出のときに小袖の肩を大胆に落としている拵えは過去と同じだったが、芝居の運びは前半をおとなしめにして、後半が強く立つように変更していた。段階を踏み、だんだんと彼女の内面が高まっていくさまが描かれているのが良かった。川を泳いでいくうちに、若干弱っていくのもなかなかの工夫。
清姫には髪をさばく(振り乱す)演技が2回あり、どちらも思い切りやってしまうと、繰り返し感が出る。そのため、1回目を控えめにして調整をしているようだったが、背景が黒幕なこともあって、髪が下りたことがわかりづらくなっていた。毛先の存在感を見せるのが解決策かと思う。
対岸に泳ぎついたあとは思い切り髪をさばいていたが、その瞬間、ミラクルで髪の毛の細い束が口針に引っ掛かり、髪をくわえて決まるというビジュ最高の清姫になっていた。偶然ながら天女のような美しさで、段切に本気でびっくりした。

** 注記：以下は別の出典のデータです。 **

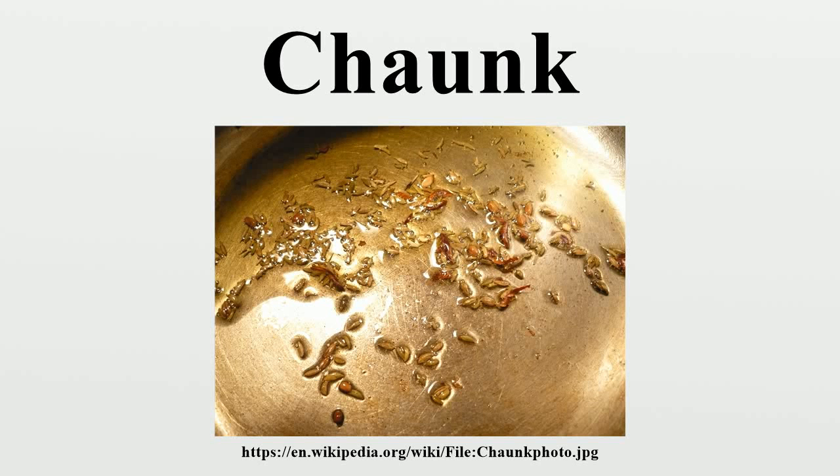Chomk, sometimes spelled Charunk, Chunk, Chonk, Chowunk, or Chonk, also called, in Bengali,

ただ、岸に上がったあとに袖で顔を拭く所作が、夏場に駅のホームで汗を拭くおじさんになっていた。謎の、「素」。
清姫は左も良かった。紋臣さん特有の、人形の重さを感じさせないふんわりとした動きについていっているのが上手かった。
清姫のかしらは、姫姿、大蛇姿両方ともガブを使う場合が多いが、今回は姫姿のときはガブを使わない演出にされていた。これは、前回紋臣さんが配役された2017年12月東京公演でもそうだった。

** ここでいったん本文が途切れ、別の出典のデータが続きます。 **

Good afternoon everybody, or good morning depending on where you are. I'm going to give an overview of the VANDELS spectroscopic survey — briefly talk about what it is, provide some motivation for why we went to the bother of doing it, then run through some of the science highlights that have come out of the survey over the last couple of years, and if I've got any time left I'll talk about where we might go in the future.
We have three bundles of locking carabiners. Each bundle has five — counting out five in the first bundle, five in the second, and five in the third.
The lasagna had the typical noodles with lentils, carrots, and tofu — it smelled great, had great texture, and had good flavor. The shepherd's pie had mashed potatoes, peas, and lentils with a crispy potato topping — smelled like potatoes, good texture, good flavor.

川へ飛び込む前「川辺に立ち寄り水の面、映す姿は大蛇の有様」で水面を覗き込むとき、対岸へ上がって決まったとき、ともにガブの仕掛けを使うほうが、派手だし、芝居としてはわかりやすい。でも、清姫って、本当に大蛇になったわけではないですよね。強い情念によって蛇になったかのように本人が思い込む/周囲からもそう見えているという『紅の豚』システムなだけで、実際にはやっぱり「かわいい娘さん」。ならば、娘姿のままで蛇の如き深い情念を表現するのが正確な手法だろう。これは技量がある人にしかできないことで、若手や中途半端な人では不可能。この配役ならではの演出といえる。現実的には、数が限られているガブのかしらを別演目に回している都合等もあると思われるが、それでもこの演技をやりきれると判断されて配役されている/かしらを当てられているのだから、立派なことだ。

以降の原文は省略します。